[Web page caption snippets]
+++++

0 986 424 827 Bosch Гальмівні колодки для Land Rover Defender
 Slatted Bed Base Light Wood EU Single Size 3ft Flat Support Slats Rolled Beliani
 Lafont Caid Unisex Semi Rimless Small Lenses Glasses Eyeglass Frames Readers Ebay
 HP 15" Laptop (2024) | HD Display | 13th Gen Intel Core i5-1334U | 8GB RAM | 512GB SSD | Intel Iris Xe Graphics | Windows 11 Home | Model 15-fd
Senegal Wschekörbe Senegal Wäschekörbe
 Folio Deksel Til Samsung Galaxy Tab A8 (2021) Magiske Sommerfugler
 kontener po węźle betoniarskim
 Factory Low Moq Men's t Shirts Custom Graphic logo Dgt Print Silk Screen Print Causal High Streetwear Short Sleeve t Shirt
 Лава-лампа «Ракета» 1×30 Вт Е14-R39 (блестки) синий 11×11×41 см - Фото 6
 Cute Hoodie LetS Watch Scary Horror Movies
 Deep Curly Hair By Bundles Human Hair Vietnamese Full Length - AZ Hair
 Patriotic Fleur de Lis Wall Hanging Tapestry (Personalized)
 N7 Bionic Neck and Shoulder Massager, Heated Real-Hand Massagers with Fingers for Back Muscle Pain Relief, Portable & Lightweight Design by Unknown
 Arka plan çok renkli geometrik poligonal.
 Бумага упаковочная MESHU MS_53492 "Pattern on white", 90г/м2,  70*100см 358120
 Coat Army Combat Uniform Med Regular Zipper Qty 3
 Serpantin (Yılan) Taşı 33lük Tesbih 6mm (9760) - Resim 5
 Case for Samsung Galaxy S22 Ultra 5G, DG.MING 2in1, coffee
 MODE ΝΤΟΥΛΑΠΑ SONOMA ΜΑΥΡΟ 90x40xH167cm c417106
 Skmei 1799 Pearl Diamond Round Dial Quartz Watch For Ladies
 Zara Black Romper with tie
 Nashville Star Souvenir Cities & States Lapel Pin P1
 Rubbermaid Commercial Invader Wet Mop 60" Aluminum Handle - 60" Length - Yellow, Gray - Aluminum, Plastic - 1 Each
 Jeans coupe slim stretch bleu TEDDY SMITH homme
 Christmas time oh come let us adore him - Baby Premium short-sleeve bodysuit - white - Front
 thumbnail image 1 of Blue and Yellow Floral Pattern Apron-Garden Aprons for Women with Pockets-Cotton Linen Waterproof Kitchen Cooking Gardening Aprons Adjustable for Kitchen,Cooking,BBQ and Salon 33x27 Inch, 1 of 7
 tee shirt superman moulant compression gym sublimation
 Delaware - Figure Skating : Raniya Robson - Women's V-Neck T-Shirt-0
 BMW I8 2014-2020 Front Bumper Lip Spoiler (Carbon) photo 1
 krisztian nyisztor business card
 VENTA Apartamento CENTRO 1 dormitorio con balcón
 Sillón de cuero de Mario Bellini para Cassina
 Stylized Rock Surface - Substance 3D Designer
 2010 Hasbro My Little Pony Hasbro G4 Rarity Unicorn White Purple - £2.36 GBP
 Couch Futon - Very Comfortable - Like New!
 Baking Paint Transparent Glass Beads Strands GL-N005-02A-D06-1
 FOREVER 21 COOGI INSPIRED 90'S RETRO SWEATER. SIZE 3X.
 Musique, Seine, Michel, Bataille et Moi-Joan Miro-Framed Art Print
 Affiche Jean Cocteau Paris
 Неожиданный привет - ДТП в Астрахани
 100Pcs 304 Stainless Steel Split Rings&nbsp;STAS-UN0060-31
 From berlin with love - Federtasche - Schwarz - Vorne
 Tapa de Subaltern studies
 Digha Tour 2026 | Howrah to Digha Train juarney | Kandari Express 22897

+++++

WHAT TO DO:
Exactly as they stand above, write out all the entries again.

OUTPUT:
0 986 424 827 Bosch Гальмівні колодки для Land Rover Defender
 Slatted Bed Base Light Wood EU Single Size 3ft Flat Support Slats Rolled Beliani
 Lafont Caid Unisex Semi Rimless Small Lenses Glasses Eyeglass Frames Readers Ebay
 HP 15" Laptop (2024) | HD Display | 13th Gen Intel Core i5-1334U | 8GB RAM | 512GB SSD | Intel Iris Xe Graphics | Windows 11 Home | Model 15-fd
Senegal Wschekörbe Senegal Wäschekörbe
 Folio Deksel Til Samsung Galaxy Tab A8 (2021) Magiske Sommerfugler
 kontener po węźle betoniarskim
 Factory Low Moq Men's t Shirts Custom Graphic logo Dgt Print Silk Screen Print Causal High Streetwear Short Sleeve t Shirt
 Лава-лампа «Ракета» 1×30 Вт Е14-R39 (блестки) синий 11×11×41 см - Фото 6
 Cute Hoodie LetS Watch Scary Horror Movies
 Deep Curly Hair By Bundles Human Hair Vietnamese Full Length - AZ Hair
 Patriotic Fleur de Lis Wall Hanging Tapestry (Personalized)
 N7 Bionic Neck and Shoulder Massager, Heated Real-Hand Massagers with Fingers for Back Muscle Pain Relief, Portable & Lightweight Design by Unknown
 Arka plan çok renkli geometrik poligonal.
 Бумага упаковочная MESHU MS_53492 "Pattern on white", 90г/м2,  70*100см 358120
 Coat Army Combat Uniform Med Regular Zipper Qty 3
 Serpantin (Yılan) Taşı 33lük Tesbih 6mm (9760) - Resim 5
 Case for Samsung Galaxy S22 Ultra 5G, DG.MING 2in1, coffee
 MODE ΝΤΟΥΛΑΠΑ SONOMA ΜΑΥΡΟ 90x40xH167cm c417106
 Skmei 1799 Pearl Diamond Round Dial Quartz Watch For Ladies
 Zara Black Romper with tie
 Nashville Star Souvenir Cities & States Lapel Pin P1
 Rubbermaid Commercial Invader Wet Mop 60" Aluminum Handle - 60" Length - Yellow, Gray - Aluminum, Plastic - 1 Each
 Jeans coupe slim stretch bleu TEDDY SMITH homme
 Christmas time oh come let us adore him - Baby Premium short-sleeve bodysuit - white - Front
 thumbnail image 1 of Blue and Yellow Floral Pattern Apron-Garden Aprons for Women with Pockets-Cotton Linen Waterproof Kitchen Cooking Gardening Aprons Adjustable for Kitchen,Cooking,BBQ and Salon 33x27 Inch, 1 of 7
 tee shirt superman moulant compression gym sublimation
 Delaware - Figure Skating : Raniya Robson - Women's V-Neck T-Shirt-0
 BMW I8 2014-2020 Front Bumper Lip Spoiler (Carbon) photo 1
 krisztian nyisztor business card
 VENTA Apartamento CENTRO 1 dormitorio con balcón
 Sillón de cuero de Mario Bellini para Cassina
 Stylized Rock Surface - Substance 3D Designer
 2010 Hasbro My Little Pony Hasbro G4 Rarity Unicorn White Purple - £2.36 GBP
 Couch Futon - Very Comfortable - Like New!
 Baking Paint Transparent Glass Beads Strands GL-N005-02A-D06-1
 FOREVER 21 COOGI INSPIRED 90'S RETRO SWEATER. SIZE 3X.
 Musique, Seine, Michel, Bataille et Moi-Joan Miro-Framed Art Print
 Affiche Jean Cocteau Paris
 Неожиданный привет - ДТП в Астрахани
 100Pcs 304 Stainless Steel Split Rings&nbsp;STAS-UN0060-31
 From berlin with love - Federtasche - Schwarz - Vorne
 Tapa de Subaltern studies
 Digha Tour 2026 | Howrah to Digha Train juarney | Kandari Express 22897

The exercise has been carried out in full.